■ **Exercise aim**: Transcribe, word for word, only the lines from the one containing "Marc Gordillo al" through the end of the material below. Pictures stay out.

== Record extracts ==

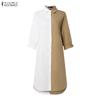 ZANZEA Women Casual Turn Down Collar Loose 3/4 Sleeve Patchwork Shirt Dress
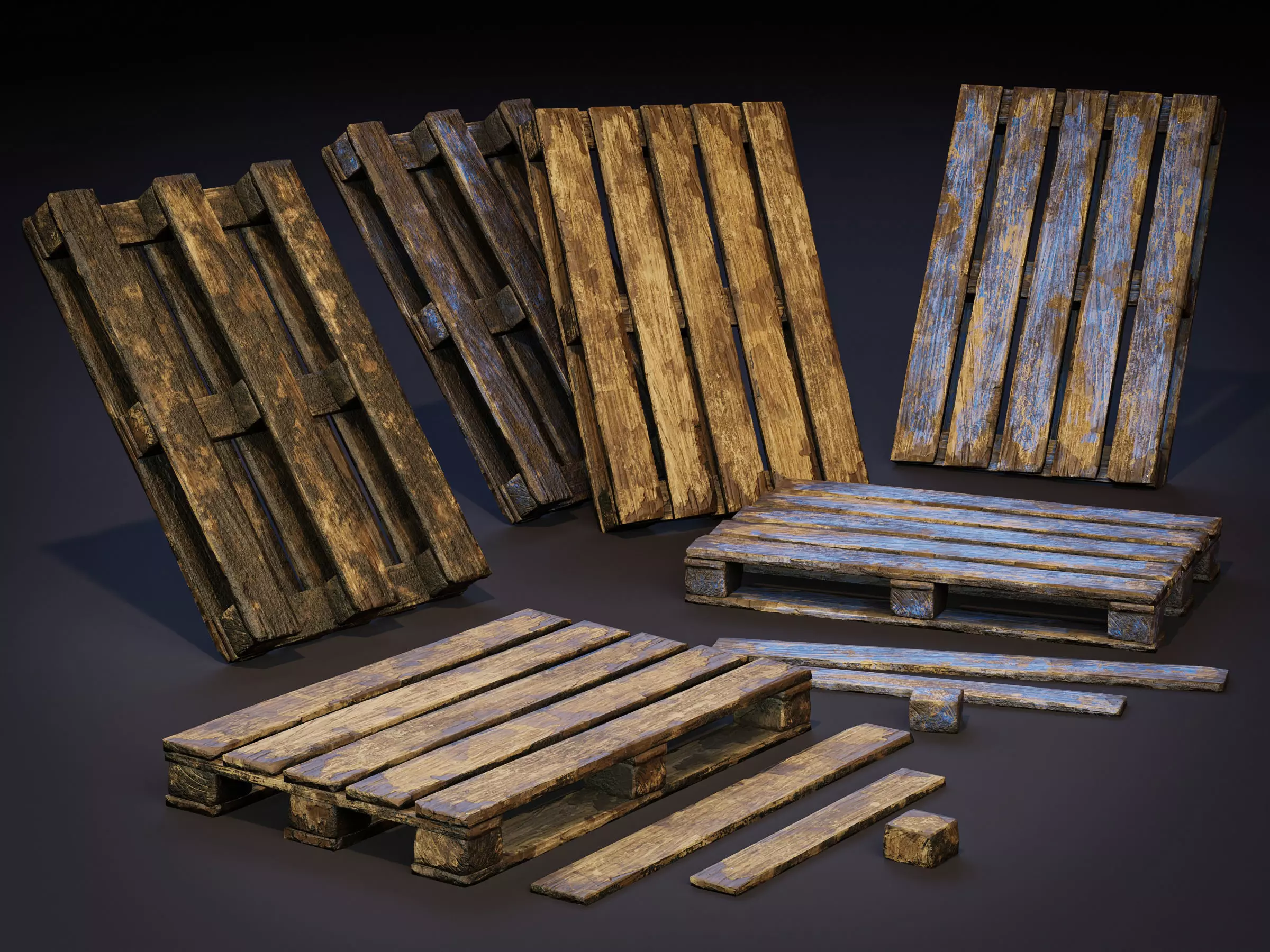 Damaged Wooden Pallet Game Asset Low-poly 3D model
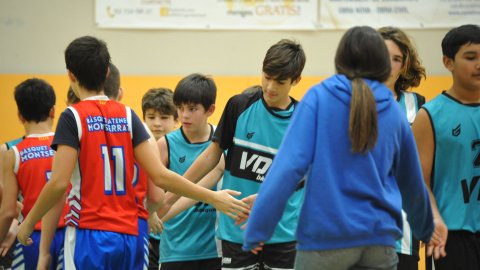 Marc Gordillo al partit de bàsquet infantil Vilassar de Mar-Ateneu Montserrat (58-50). Vilassar de Mar. 18 de desembre de 2021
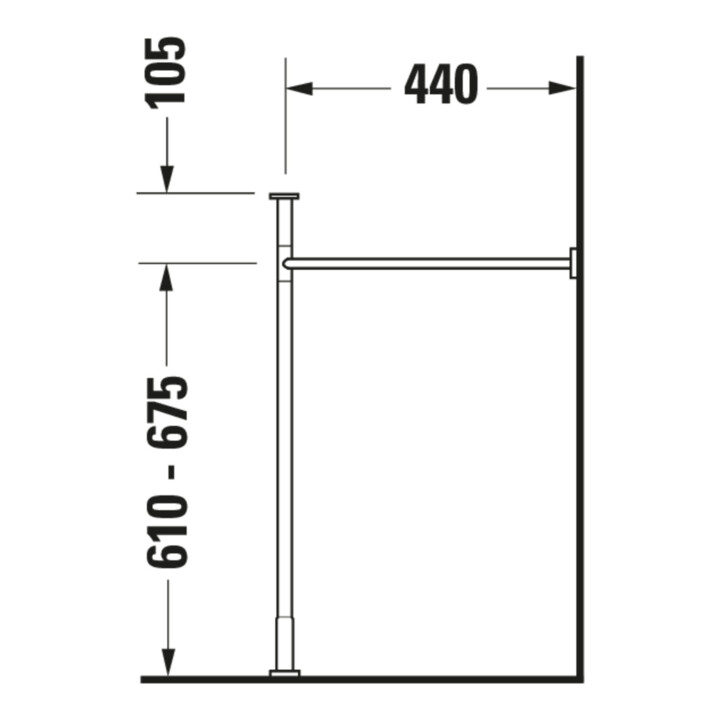 Duravit Metallkonsole Vero f MWT 032910, höhenverst. +6,5cm, chr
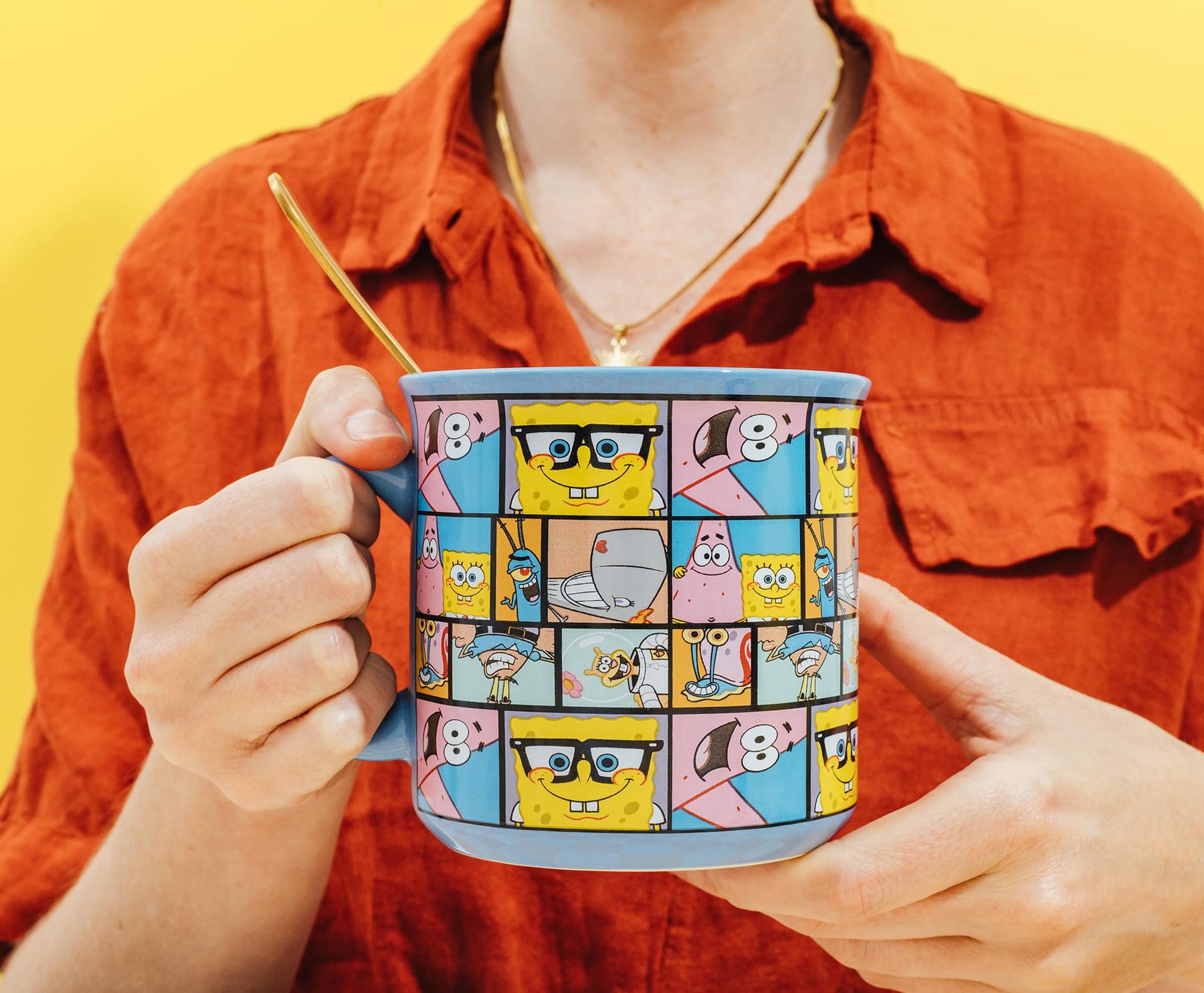 Nickelodeon SpongeBob SquarePants Character Grid 20-Ounce Ceramic Camper Mug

===

■ **Output of the task**:
 Marc Gordillo al partit de bàsquet infantil Vilassar de Mar-Ateneu Montserrat (58-50). Vilassar de Mar. 18 de desembre de 2021
 Duravit Metallkonsole Vero f MWT 032910, höhenverst. +6,5cm, chr
 Nickelodeon SpongeBob SquarePants Character Grid 20-Ounce Ceramic Camper Mug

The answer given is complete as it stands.